I will tackle the second category first and say simply: i don’t care. To my mind, one of the best things about watching films in languages i don’t understand and relying on subtitles is that i don’t have to know whether the dialogue sounds normal or not, because that responsibility is passed on to the subtitle writers, and subtitles get more leeway when it comes to tone. So if the way the actors were speaking sounded like how a posh person thirty years ago would talk, so be it; to me they sounded like they were speaking turkish and i don’t speak turkish. The complaints about people from various regions speaking with the wrong accents also obviously didn’t bother me in this case, but also don’t bother me more generally: in british cinema, there are often one or two actors speaking with an accent that is unexpected for the character they are supposed to be playing, and for the most part it doesn’t break the immersion for me. And while it’s frustrating when an american writes the screenplay for a film or tv show set in the uk and no-one checks to see whether the script contains words like “sidewalk”, “candy”, or “pants”, i am perfectly capable of overlooking that if the plot is compelling.
All this is to say, the quality of the acting in, and the script of mustang did not negatively affect my viewing experience and, without wanting to put words into the turkish viewers’ mouths, i think they might not have affected the turkish viewers’ experience much either, if it wasn’t for the problematic plot, which drew so much ire that everyone started attacking other aspects as well.

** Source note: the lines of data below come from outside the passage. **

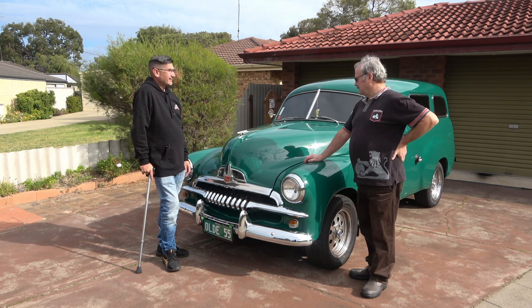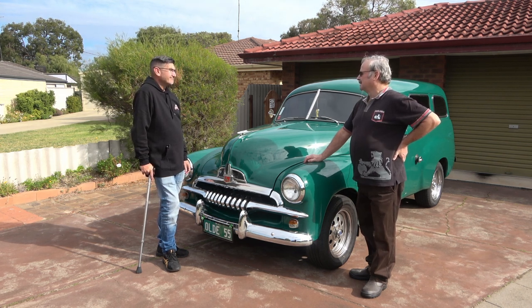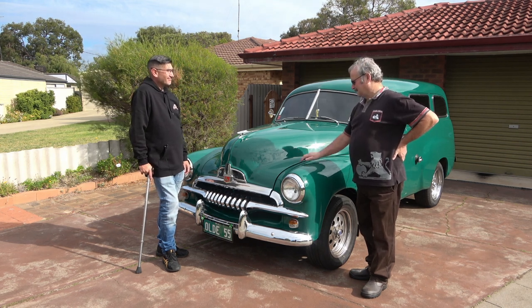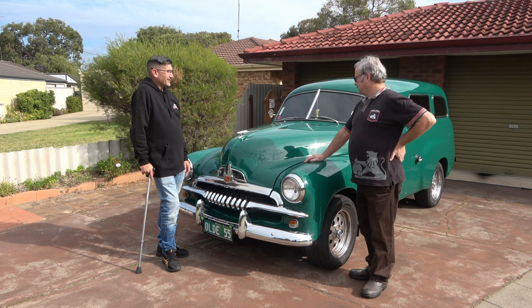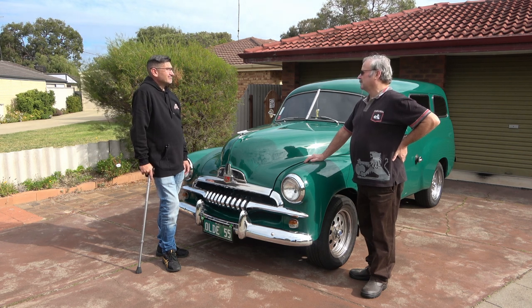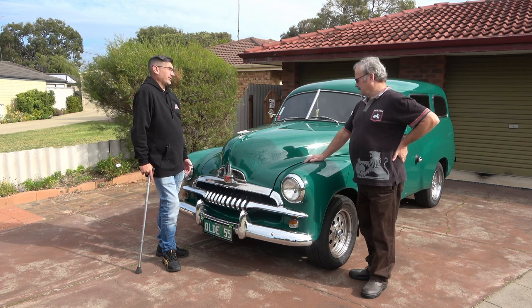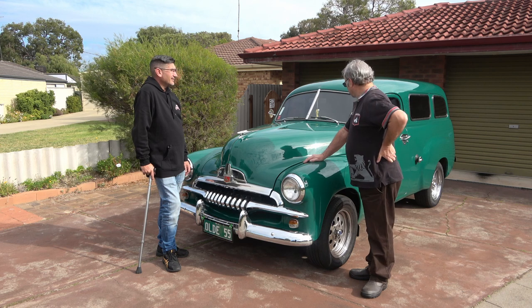I rang him first and he said, 'If you're looking for a stock standard job, this is not it.' I said no, that won't bother me. So we drove up there and that was it. He'd done it up for his son, but his son was more into fly fishing and wasn't using it. He said we've got too many cars, I need to move it on. So I bought it off him and I've loved it ever since.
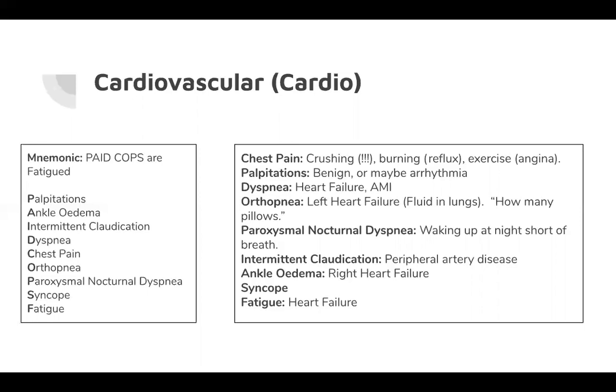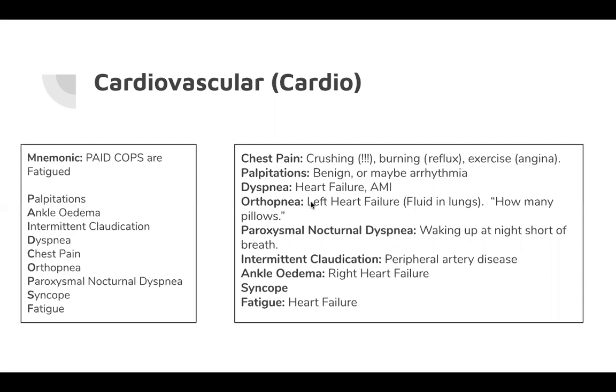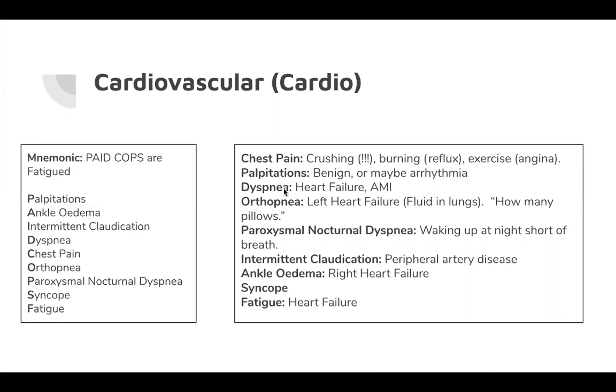Ankle oedema points to right heart failure. Left heart failure puts fluid in the lungs; right heart failure puts fluid in the peripheries because peripheral blood backs up into the right side and liquid oozes out, causing pitting oedema in the calves — if you press down it leaves a divot. Syncope is generally from insufficient blood supply or low blood pressure. Fatigue is a heart failure thing — you're not getting enough blood to the rest of the body.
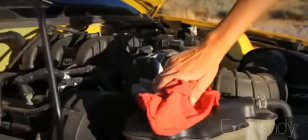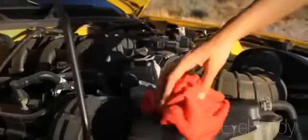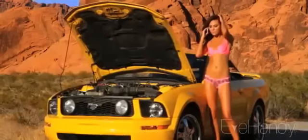Using a rag, slightly unscrew the radiator cap and listen for hissing, as contents will be under pressure. If pressure seems normal, slowly unscrew the cap and look inside.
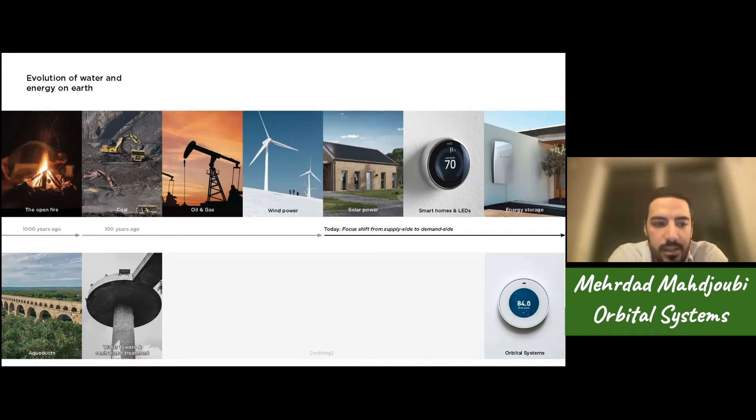Similarly, if you look at the journey we've walked in the water industry, we haven't really done anything on the demand side yet. The water towers are basically the same principle as aqueducts that are several thousand years old, and we've kind of just passed the buck to taxpayer-funded utilities. This is where Orbital comes in — we are essentially driving a paradigm shift in what we call the demand side of water.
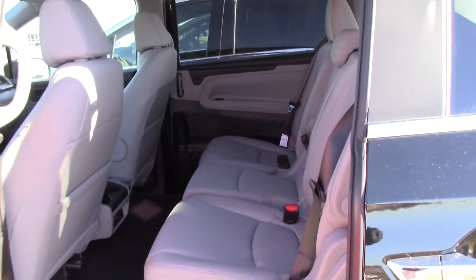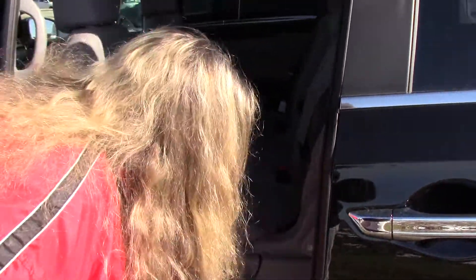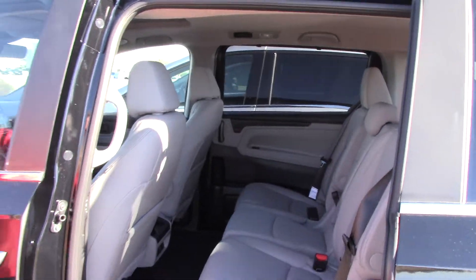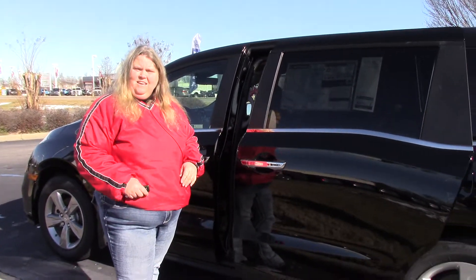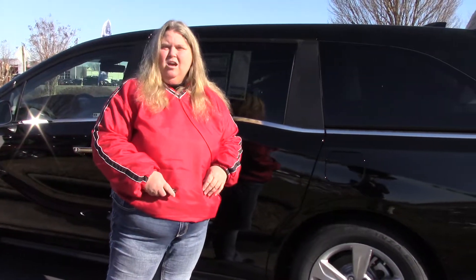One of the nice features here is you can actually just slide these seats from side to side and push it over to make a little bit more room. I'd like to come out and show it to you. It has room for eight people. It's a family hauler. Come out and see me, I'd love to show it to you. Have a great day and ask yourself, if you're not smiling, why not?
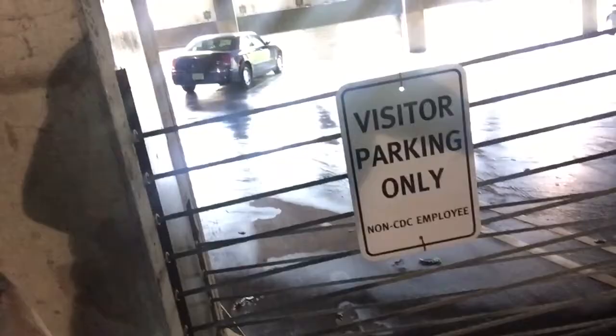Welcome back to It's a Grim Life, the daily vlog of the Grim Life Collective. Today, Amy and I are here at the CDC in Atlanta. We are in the visitor parking garage — it says 'visitor parking non-CDC employee' right behind me. So we are really here.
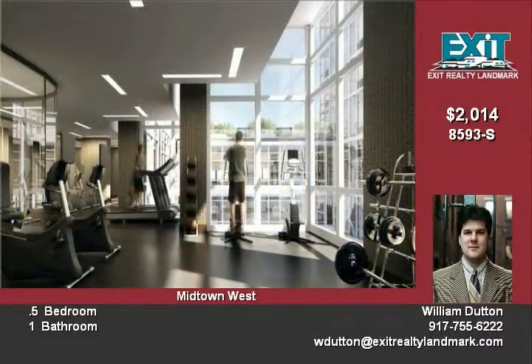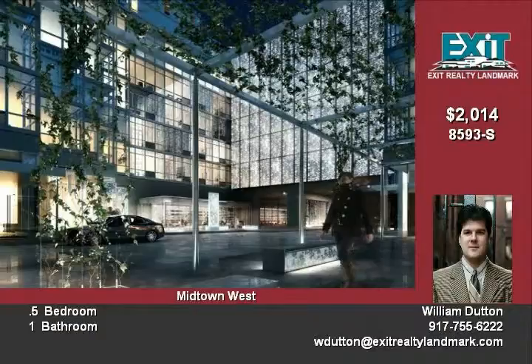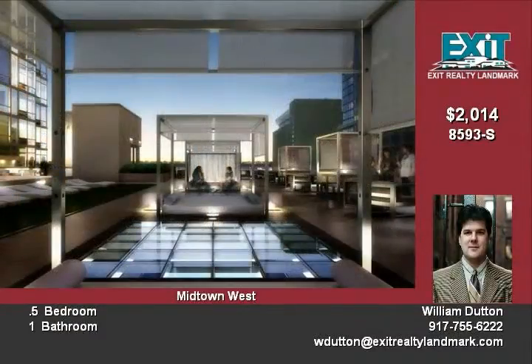Resort-like amenities include a pool, outdoor terrace, gym with cardio and weight equipment, a spa, saunas, steam rooms, and a sun deck.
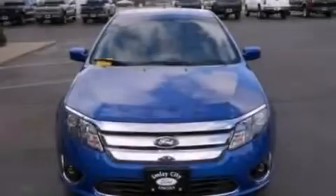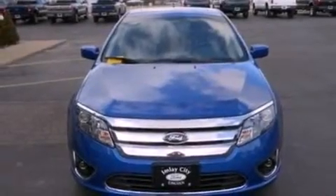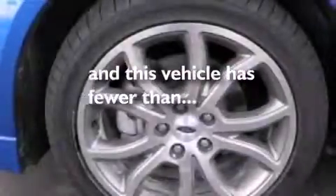Additional features include fog lamps, rear curtain airbags, rear power windows, and this vehicle has fewer than 8,000 miles on the odometer.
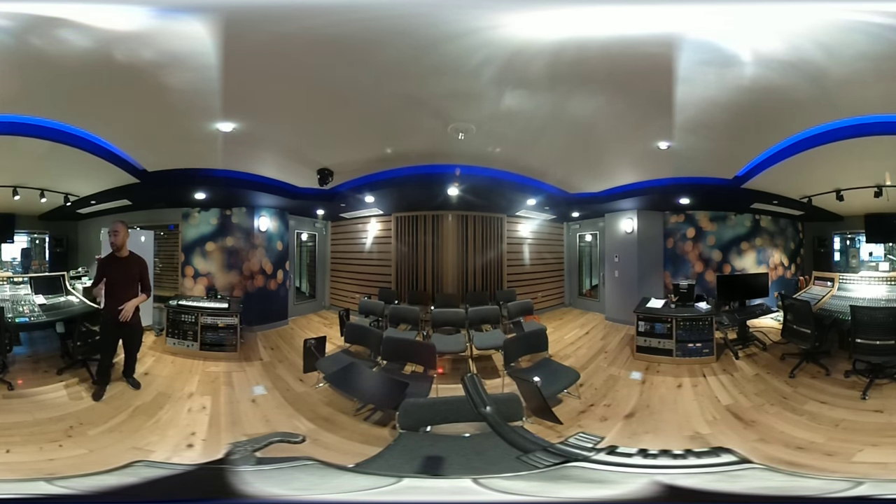Our studios are available for students to use first for their class projects, so they get a studio allotment of time to book these studios in advance. And if no one is using any of the studios, they're able to come in and sign them out on a walk-in basis for a three-hour block.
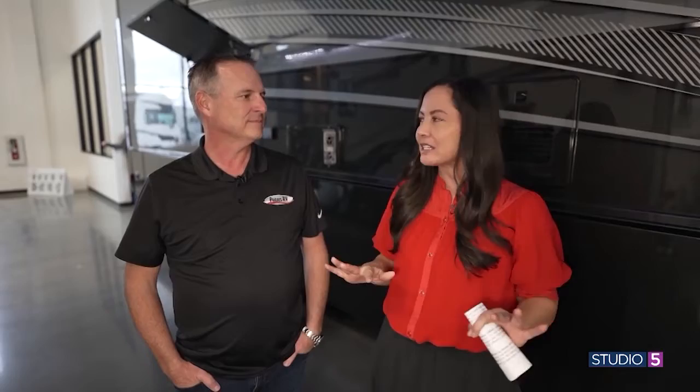We're here at Paris RV. Brett Paris is here with me, and it's March, so that means spring break is right around the corner. Maybe you want to hit the road in an RV — what better place to come than here, where you can see so many different models. We're starting with some luxury.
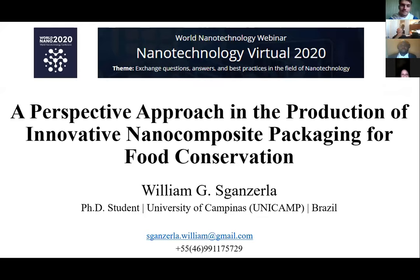Good morning, my name is William Gustavus-Ganzerla. I'm a chemical engineering and current MPH student in food engineering at the University of Campinas. I presented myself at the beginning of this conference, but I have worked with nanotechnology since 2015, with many studies related to the production of nanoparticles and nanocapsules, always aiming to produce new nanomaterials for food conservation. My lecture is entitled 'A Perspective Approach in the Production of Innovative Nanocomposite Packaging for Food Conservation.'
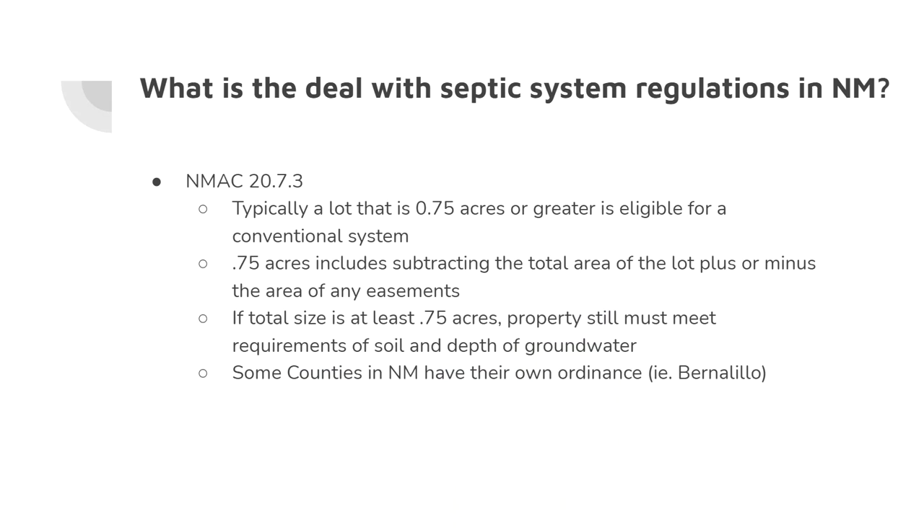Regarding septic system regulations in New Mexico, the current law states that a lot that is 0.75 acres or greater is typically eligible for a conventional system. That 0.75 acres is calculated by taking the total area of the lot minus the area of any easements — so power easements, road easements, or other wastewater easements may be subtracted from your total lot size.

The main complaint with regards to the plot is not that the film is making up the concern about arranged marriage in turkey, but rather that it oversimplifies and caricatures the issue to such an extent that it watches more like dark comedy than legitimate critique. The identity of the director as the child of a diplomat who spent most of their life living in france, combined with the accent concerns (in which the residents of a rural village all instead have an istanbul accent) result in a film that seems designed to win international awards rather than be well-received in the country or region it represents.
And things like this did leak through during the viewing. There is scene where one of the girls is having a virginity test, and the doctor is open-minded enough to say that he would not tell the family even if the girl isn’t a virgin. I’m not sure that in such a situation the demands that a young girl undergo a virginity test wouldn’t be escalated. The scene where one of the girls decides to have sex with a stranger in her uncle’s car while he’s gone for ten minutes or so also doesn’t seem rooted in reality. The casual nature of the head coverings. As i say, i’m not turkish, so i can’t comment on whether these are realistic situations are not, but some of these more dramatic vignettes, in combination with sloppy background details, took away from the film.
Where the film did shine for me was in the smaller acts of rebellion and scenes of the girls trying to normalise their imprisonment. Cutting their hair and ripping their clothes, spitting in the coffee they are required to serve to suitors’ parents. Trying to tan in the window, or creating a swimming pool out of blankets. The camerawork and colours were all beautiful, and together with these scenes created a mood of beautiful hopelessness. From a story perspective, i don’t think the film benefited from the big drama, and according to the turkish viewers, the exaggeration was insulting and offensive.
I don’t think it was a bad film, i quite enjoyed it; but then again, it’s not my culture being misrepresented on the global stage by someone with the weakest of links to that culture.